After Knight testified, the prosecutor sought to impeach his testimony through the admission of a tape recording of a telephone conversation that Knight had with his mother while he was in jail awaiting trial.  In this conversation, Knight made several statements where he claimed that his attorney was incompetent and that if his mother and his sister Jodie did not get him a better attorney, he would be signing his kids over to the state.  Specifically, Knight told his mother, inter alia,

     -"If you and Jodie cannot get me a good lawyer, I'm going to do my fucking time, I'm going to sign my kids over to the State of Oregon, and you guys will never fucking see me again;" and

     -"Okay.  Listen.  Listen.  I don't care what you've done -- what you have done.  I'm telling you if I go to trial with this fucking attorney, I'm signing my kids over to the state, and I'm going to go and do my time, and then I'm going to live in Mexico.  I am not going to live in American with a fucking sex beef on me at 55 years old."

At another point during the conversation, Knight told his mother she should sign a promissory note or a lien, or even rob a bank, to get money to hire a different lawyer for him.  The trial judge found that much of the recorded conversation was inadmissible but that the prosecutor could ask Knight whether he threatened to turn his children over to the State of Oregon if he didn't get his way.  According to the  judge, the recorded conversation would be inadmissible unless Knight denied making the statement.    

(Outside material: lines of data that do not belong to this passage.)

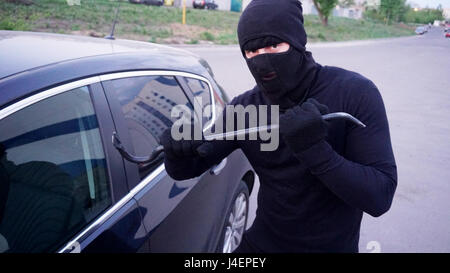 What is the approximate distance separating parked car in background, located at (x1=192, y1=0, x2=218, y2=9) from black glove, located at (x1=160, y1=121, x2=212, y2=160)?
41.6 m

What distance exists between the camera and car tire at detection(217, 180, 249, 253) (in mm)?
2439

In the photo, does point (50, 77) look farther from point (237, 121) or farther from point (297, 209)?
Result: point (297, 209)

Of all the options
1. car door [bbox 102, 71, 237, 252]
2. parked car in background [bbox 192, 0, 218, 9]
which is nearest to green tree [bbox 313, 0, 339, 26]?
parked car in background [bbox 192, 0, 218, 9]

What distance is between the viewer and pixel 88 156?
4.77 ft

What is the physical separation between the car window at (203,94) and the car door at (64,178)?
0.83 m

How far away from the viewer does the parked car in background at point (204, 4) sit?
3984 centimetres

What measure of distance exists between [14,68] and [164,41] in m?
15.8

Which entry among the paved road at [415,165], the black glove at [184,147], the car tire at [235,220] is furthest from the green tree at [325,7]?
the black glove at [184,147]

The prosecutor then asked Knight whether he threatened to turn his children over to the State of Oregon if he didn't get his way, and Knight acknowledged that he made the statement.  Knight, however, then claimed that he made the statement because he thought that the State could provide his children with a "decent life" and because he did not want to impose on his aging mother and his sister.  In response, the prosecutor claimed that Knight had opened the door for the tape being played, and, over defense counsel's objection, allowed the tape to be played to the jury.

On appeal to the Supreme Court of Oregon, Knight claimed that the tape should have been excluded pursuant to Oregon Rule of Evidence 403, which, like its federal counterpart, states that although relevant, evidence may be excluded if its probative value is substantially outweighed by dangers such as the danger of unfair prejudice. 

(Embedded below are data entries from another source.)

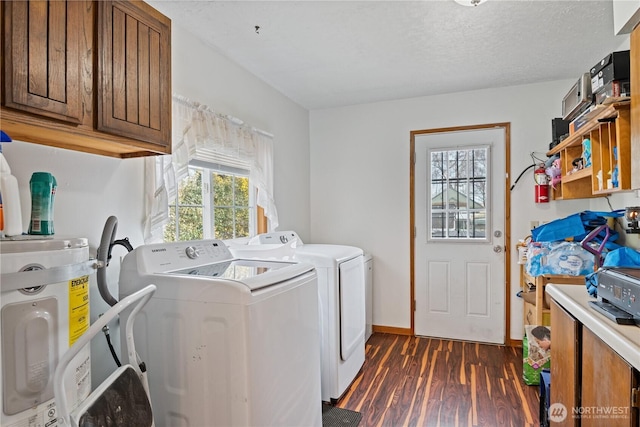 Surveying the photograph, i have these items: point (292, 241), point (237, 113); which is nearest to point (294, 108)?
point (237, 113)

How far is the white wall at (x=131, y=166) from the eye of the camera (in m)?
1.50

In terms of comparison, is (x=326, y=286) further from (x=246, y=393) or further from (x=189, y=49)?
(x=189, y=49)

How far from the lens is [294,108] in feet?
11.8

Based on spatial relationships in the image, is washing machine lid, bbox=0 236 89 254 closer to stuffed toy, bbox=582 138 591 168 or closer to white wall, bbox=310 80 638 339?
stuffed toy, bbox=582 138 591 168

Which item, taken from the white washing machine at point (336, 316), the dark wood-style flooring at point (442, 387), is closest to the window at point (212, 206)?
the white washing machine at point (336, 316)

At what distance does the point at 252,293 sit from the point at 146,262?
1.81ft

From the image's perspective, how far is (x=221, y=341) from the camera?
4.25 ft

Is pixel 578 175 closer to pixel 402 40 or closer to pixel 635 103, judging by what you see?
pixel 635 103

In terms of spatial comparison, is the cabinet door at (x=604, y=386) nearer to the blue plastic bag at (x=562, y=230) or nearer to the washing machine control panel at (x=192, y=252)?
the blue plastic bag at (x=562, y=230)

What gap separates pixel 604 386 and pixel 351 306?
1635 millimetres

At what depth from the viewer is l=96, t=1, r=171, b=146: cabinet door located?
4.25ft

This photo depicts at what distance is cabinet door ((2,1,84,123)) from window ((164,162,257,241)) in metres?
1.05

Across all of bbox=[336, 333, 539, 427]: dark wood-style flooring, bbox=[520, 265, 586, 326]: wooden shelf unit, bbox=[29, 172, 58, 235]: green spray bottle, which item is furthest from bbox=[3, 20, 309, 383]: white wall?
bbox=[520, 265, 586, 326]: wooden shelf unit

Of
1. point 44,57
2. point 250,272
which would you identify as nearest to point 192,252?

The Supreme Court first noted that the tape had limited probative value to an issue that was -- at best -- not central to the prosecution's case.  The Court also noted that the state could have impeached Knight through the use of other means which did not consist of Knight directly attacking his lawyer.

Looking at the tape's prejudicial effect, the Court concluded that "defendant's persistent references to trial counsel as 'this fucking attorney' and 'this motherfucker' undoubtedly focused the jury's attention on defendant's personal and professional conflict with trial counsel -- a conflict that had no relevance to any issue before the jury. Equally importantly, hearing defendant's remarks inevitably affected the jury's own perception of the competence and zealousness of defendant's trial counsel and, ultimately, of the strength of defendant's case. After the jury heard that defendant was unimpressed with his lawyer's ability, his cause was sunk. No juror thereafter was going to view defense counsel as more credible and persuasive than the prosecuting attorney."

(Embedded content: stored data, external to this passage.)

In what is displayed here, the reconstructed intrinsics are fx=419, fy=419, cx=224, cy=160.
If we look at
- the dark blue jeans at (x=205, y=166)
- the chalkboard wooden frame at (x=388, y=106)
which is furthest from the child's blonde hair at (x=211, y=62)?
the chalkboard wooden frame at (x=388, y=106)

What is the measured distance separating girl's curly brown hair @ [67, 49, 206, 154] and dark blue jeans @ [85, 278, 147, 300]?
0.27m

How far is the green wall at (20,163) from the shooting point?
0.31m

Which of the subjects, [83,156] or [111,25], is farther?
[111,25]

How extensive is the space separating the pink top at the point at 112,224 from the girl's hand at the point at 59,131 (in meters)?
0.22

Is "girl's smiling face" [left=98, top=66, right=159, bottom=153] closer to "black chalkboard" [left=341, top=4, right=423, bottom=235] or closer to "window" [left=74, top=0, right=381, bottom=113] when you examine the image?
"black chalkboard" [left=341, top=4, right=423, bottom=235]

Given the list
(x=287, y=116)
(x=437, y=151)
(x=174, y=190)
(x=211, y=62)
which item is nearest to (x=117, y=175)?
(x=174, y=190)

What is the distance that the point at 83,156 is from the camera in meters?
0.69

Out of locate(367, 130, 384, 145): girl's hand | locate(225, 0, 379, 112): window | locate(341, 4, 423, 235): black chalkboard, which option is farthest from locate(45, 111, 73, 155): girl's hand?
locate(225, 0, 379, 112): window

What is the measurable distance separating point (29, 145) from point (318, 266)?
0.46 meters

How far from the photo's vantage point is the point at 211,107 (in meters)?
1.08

The Court thus found the tape inadmissible and reversed the defendant's convictions.  The Court's decision makes sense to me.  While the prosecutor had every right to impeach Knight's testimony, it seems wholly unnecessary for him to have done so through the use of a tape where Knight primarily attacked his attorney.  Furthermore, as the Knight court noted, courts have recognized that comments belittling a defendant's attorney jeopardize the defendant's right to a fair trial. See, e.g., In re Ochoa, 157 P.3d 184 (Ore. 2007).